Understand skyportd configuration files, environment overrides, and TLS behavior.

skyportd uses TOML-based configuration files.

A common layout is:

/etc/skyportd/
├── config/
│ └── local.toml
└── skyportd.db

In normal usage, you do not need to manually create and fill out a config file before starting the daemon.

On first boot, skyportd asks for the panel URL and configuration token, then writes config/local.toml for you.

local.toml is the main daemon config file.
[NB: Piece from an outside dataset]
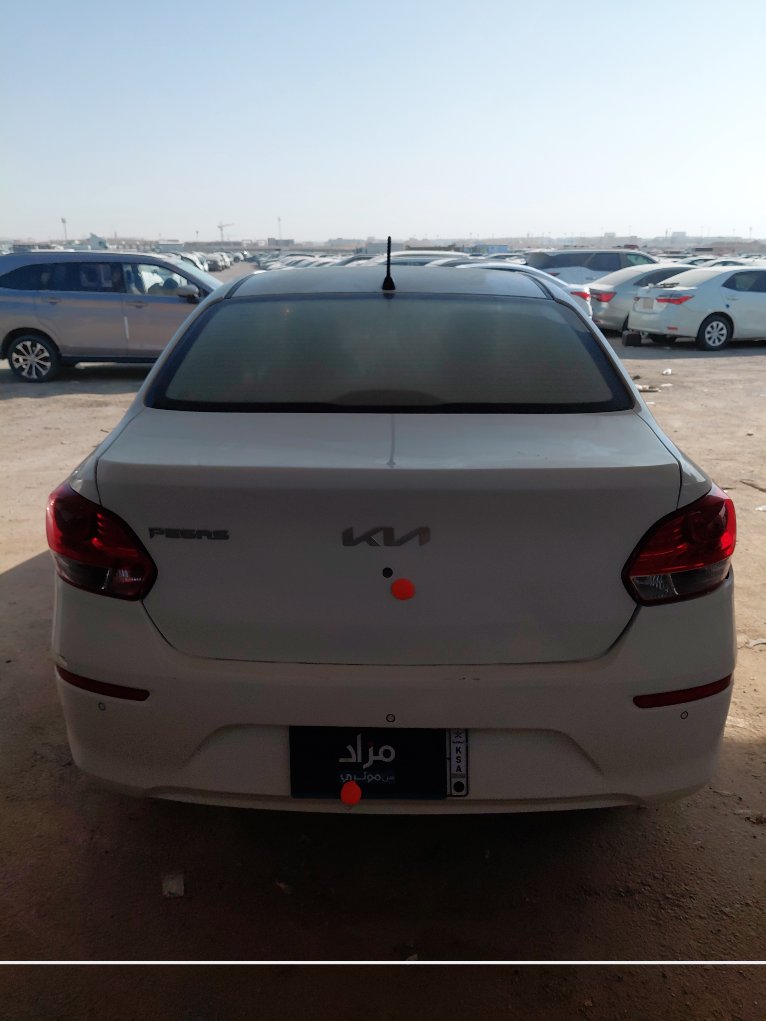 كيا بيجاس STD 2023 image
It is written and updated by skyportd during enrollment and normal operation.

Most users should treat this file as daemon-managed state, not something they need to hand-edit often.

Important sections:

  • name — display name for the daemon process
  • uuid — bootstrap UUID, later replaced with the panel-issued UUID
  • tick_interval — heartbeat-style internal tick interval
  • shutdown_timeout — graceful shutdown timeout

This section stores the panel URL and the credentials skyportd uses after enrollment.

  • level — log level such as info or debug
  • formatpretty or json
  • worker_threads — number of runtime worker threads; 0 lets Tokio choose

This section contains the node settings the daemon should use, including hostname, ports, SSL mode, and optional TLS certificate paths.
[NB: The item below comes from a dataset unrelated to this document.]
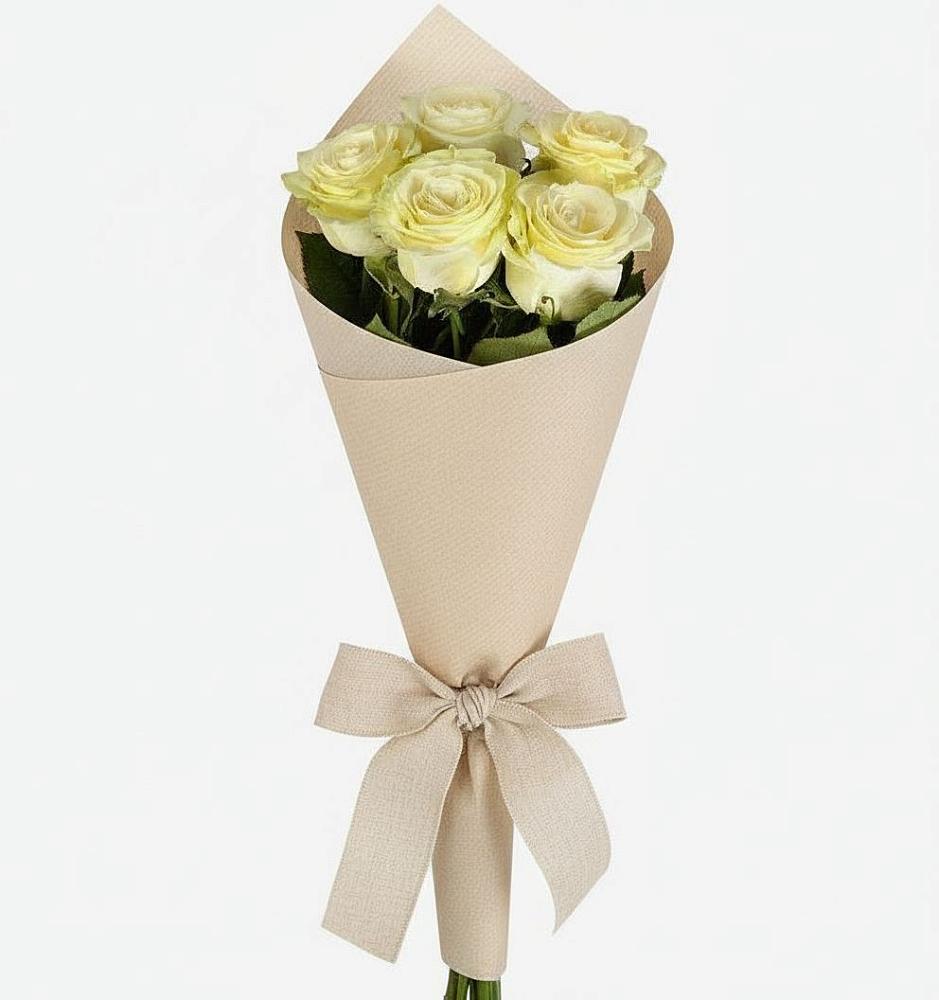 Букет цветов из: Розы в Тахтамукайском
skyportd also supports environment-variable based overrides using the prefix SKYPORT_DAEMON.

Examples:

Terminal window
export SKYPORT_DAEMON__PANEL__URL=https://panel.example.com
export SKYPORT_DAEMON__PANEL__CONFIGURATION_TOKEN=your-token-here

When use_ssl = true, the daemon expects certificate paths.

It first checks the default Let’s Encrypt layout for the node FQDN:

/etc/letsencrypt/live/<fqdn>/fullchain.pem
/etc/letsencrypt/live/<fqdn>/privkey.pem

If those files are missing, the daemon asks for the paths interactively and stores them in config/local.toml.

skyportd stores local runtime state in skyportd.db. Treat it as part of the daemon’s working data and back it up before major upgrades.

For local debugging, pretty logs are great. For centralized logging systems, switch to json.